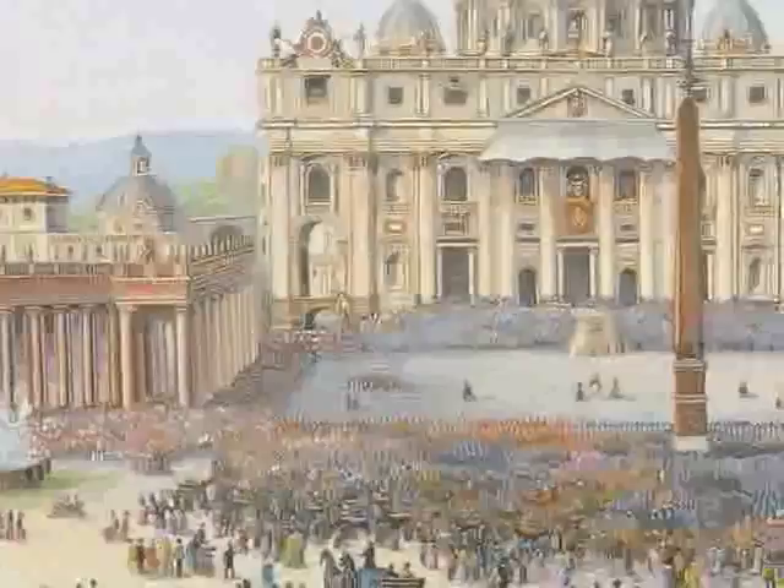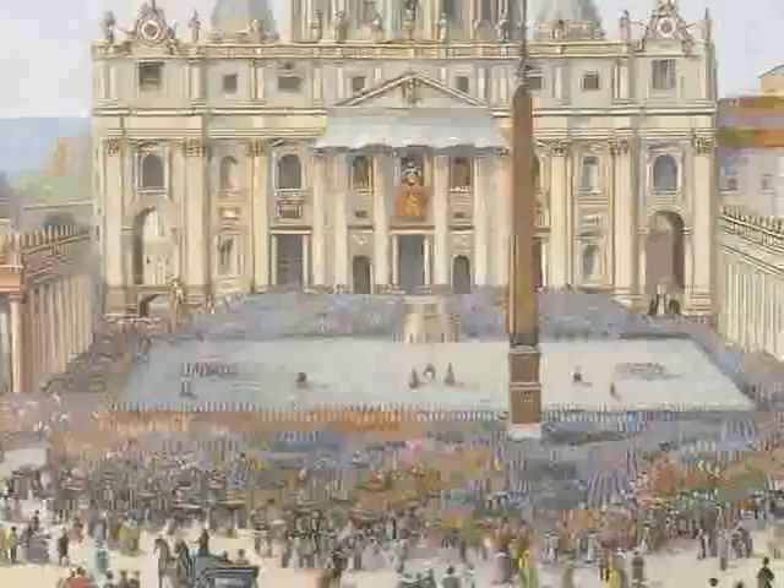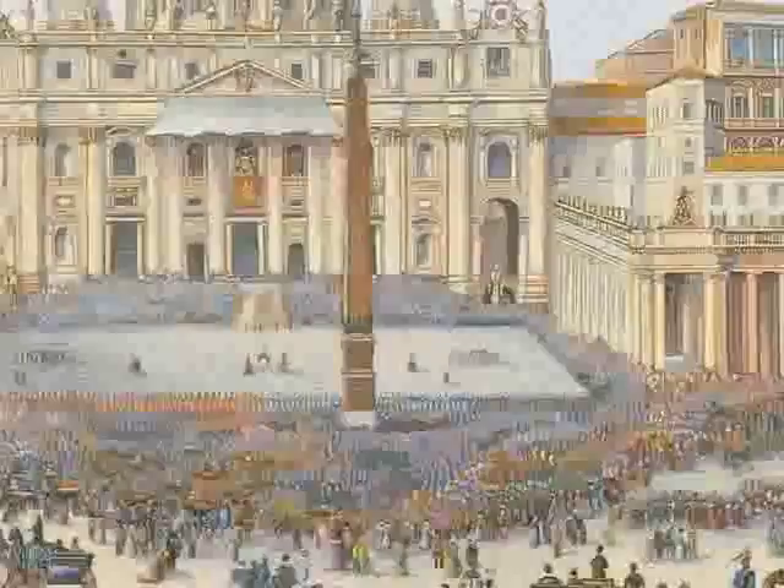Tiny glass tiles have been fitted together to produce this crowd scene of people in the square outside St. Peter's in Rome, watching and listening to the Pope, who appears on the balcony of St. Peter's to give a blessing. This is micro mosaic work of the very highest quality, and in fact it was made in the workshops of the Vatican in Rome.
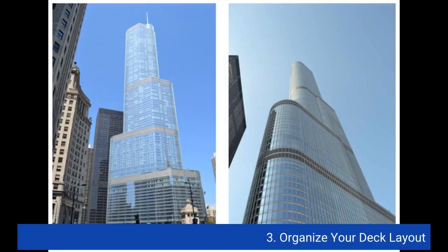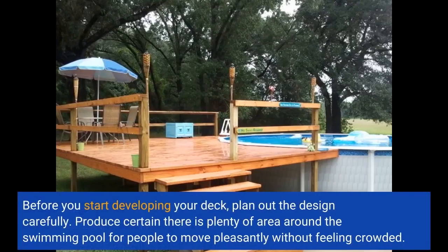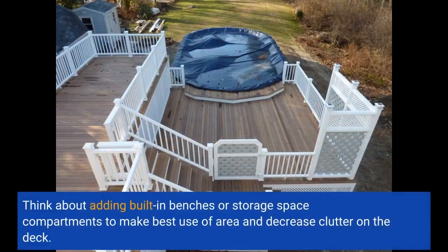3. Plan your deck layout. Before you start building your deck, plan out the design carefully. Make sure there is plenty of space around the swimming pool for people to move comfortably without feeling crowded. Consider adding built-in benches or storage compartments to maximize space and reduce clutter on the deck.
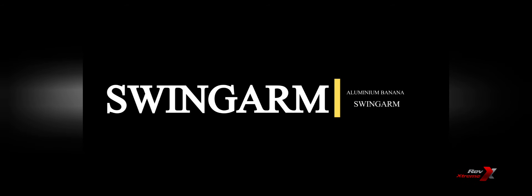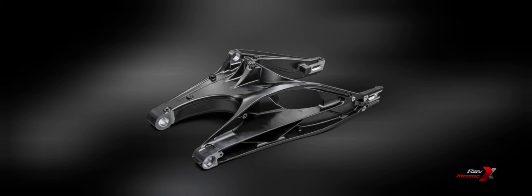A new curved cast aluminium swing arm provides a sturdy and durable platform for the rear suspension system, featuring a direct shock absorber mount that is now offset to the side for that superior, racy look.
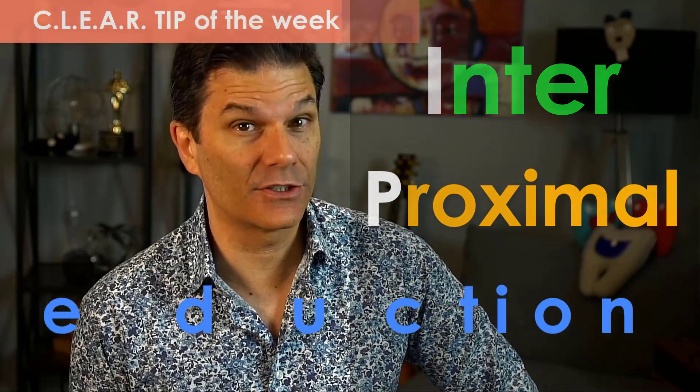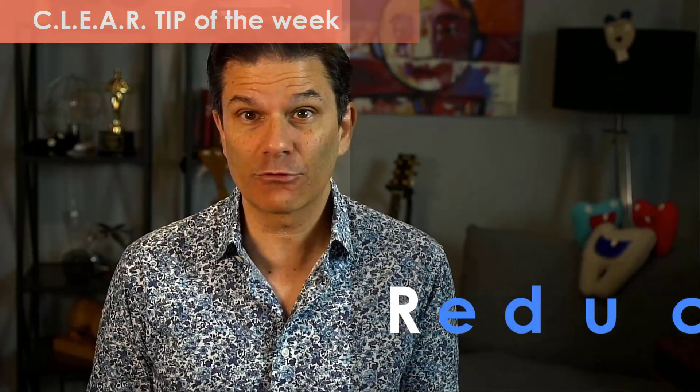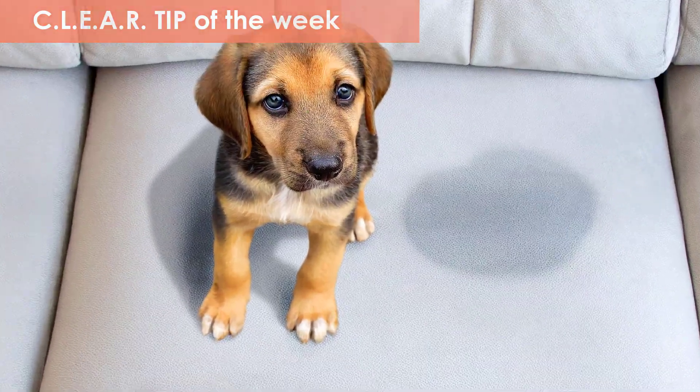Are you afraid of IPR — interproximal reduction? A commonly used method to create space and eliminate crowding in the permanent dentition. How? By removing enamel. But wait, is it causing more cavities? Is it creating permanent damages? The answer is in this week's clear tip.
◆ ◆ ◆ ◆ ◆
Print, please, exactly the lines from the one holding "A new curved" through the final line of the data, both included, while leaving out each picture.

[Result of the exercise]:
A new curved cast aluminium swing arm provides a sturdy and durable platform for the rear suspension system, featuring a direct shock absorber mount that is now offset to the side for that superior, racy look.
Are you afraid of IPR — interproximal reduction? A commonly used method to create space and eliminate crowding in the permanent dentition. How? By removing enamel. But wait, is it causing more cavities? Is it creating permanent damages? The answer is in this week's clear tip.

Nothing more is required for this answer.